However, the late President General Zia ul Haq added new provisions
in the 1980s, apparently to appease Muslim religious hardliners and
thereby garner support after he took control of the government in a
1977 coup. According to Section 295-B of the legislation,
introduced in 1982, an insult to the Qu'ran is a non-bailable offense
whose only punishment is a life sentence. Section 295-C, introduced
in 1984, stipulates that the only sentence for insults to Prophet Muhammad,
another non-bailable offense, is death. Section 295-C is the law's most debated part.

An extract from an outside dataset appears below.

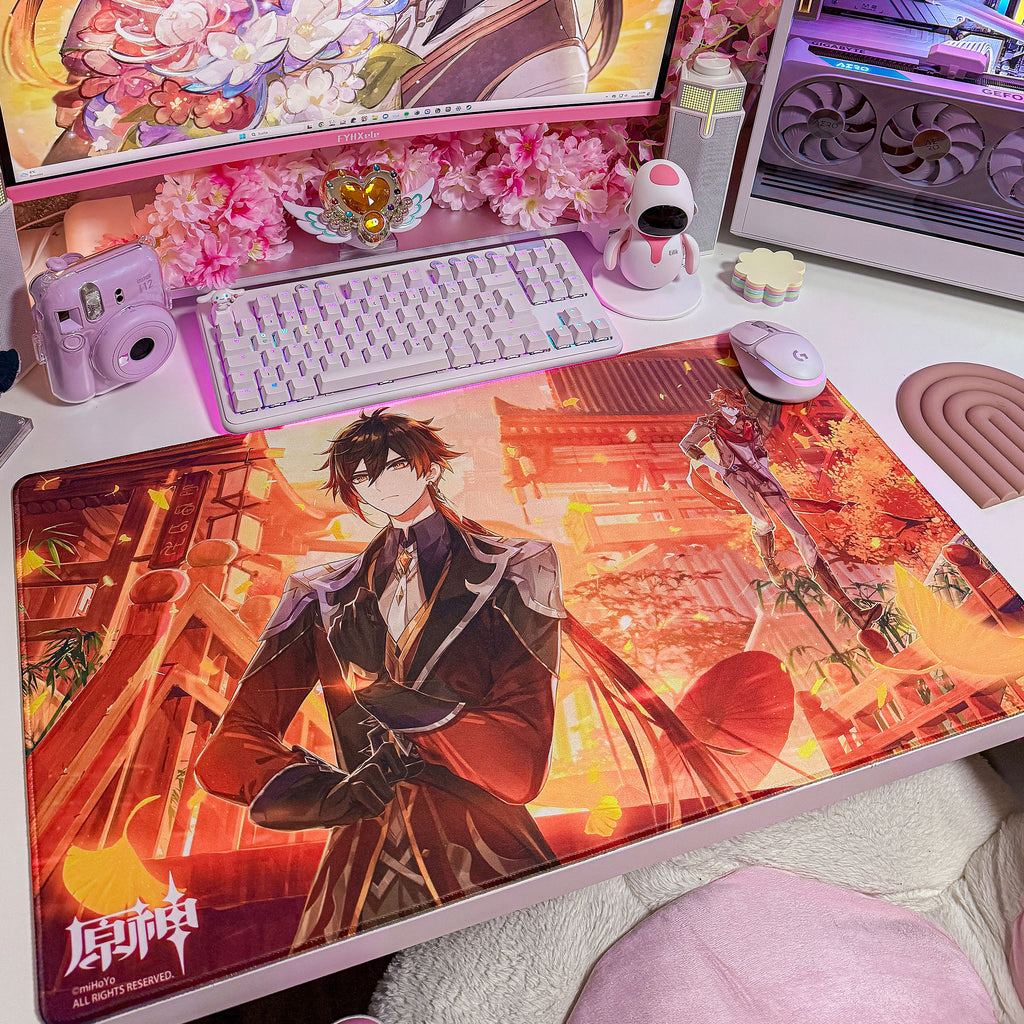Produktbild Genshin Impact - Devil Mission The Approaching Star - Zhongli und Tartaglia Mousepad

The NCJP claims it is widely misused not just against Christians and
Hindus, but also Ahmadis (a Muslim sect viewed as heretical by Sunnis
and Shias) and even mainstream Muslims. According to the Human Rights Commission of
Pakistan, an NGO, the blasphemy laws continue to be misused against
Muslims as well as religious minorities to settle personal scores. Some
use blasphemy charges to attack their enemies in property disputes,
business conflicts or petty rows between neighbors. Naeem Shakir, a Christian who directs Idare
Amno Insaf Lahore (committee for justice and peace), says that not only
individuals but also various groups and the state itself misuse the
legislation. Shakir, senior lawyer of the Supreme Court, told UCA News
he agrees that the blasphemy laws have contributed to oppression and
persecution and that they have become a political weapon directed against
various Muslim sects as well as religious minorities. Peter Jacob, executive secretary of the NCJP,
maintains that the laws clearly send a message of fear to religious
minority communities because they are religion-specific and refer to
only one religion, Islam. He pointed out to UCA News that they contain
no reference to defaming Jesus Christ or the Bible. The Pakistan Catholic Bishops' Conference has
repeatedly urged repeal of the legislation due to its discriminatory
nature, Jacob added. "It is poorly drafted, has many ambiguities,
and its use is a misuse and abuse of justice." Father Emmanuel Yousaf Mani, NCJP's national
director, further explained to UCA News: "Even if our demand for
repeal has not been accepted, the laws are finally under discussion,
so we have had some success. Even the government accepts that there
really is misuse of the laws. During a recent Christian gathering, Federal
Minister for Minorities Affairs Ijazul Haq admitted that though only
three or four cases were registered under blasphemy laws before the
1980s, about 5,000 cases have been registered since then." Some pin their hopes for change on the current
head of state, President General Pervez Musharraf, who seized power
in a coup in October 1999. According to Shahbaz Bhatti, president of the
All Pakistan Minorities Alliance, minorities have the impression that
President Musharraf wants to repeal the laws. Musharraf never said so
publicly, Bhatti told UCA News, but he has repeatedly asked parliament
to review the laws lest they be misused. In Bhatti's view, it is obvious that Muslim
clerics will not accept any minor change in the legislation, and repeal
of the laws is beyond the capacity of the government because it is unprepared
to risk alienating the clerics. "This legislation gives a bad name to the
country, and minorities and human rights groups strongly oppose it,
but the government is only interested in minimizing its misuse,"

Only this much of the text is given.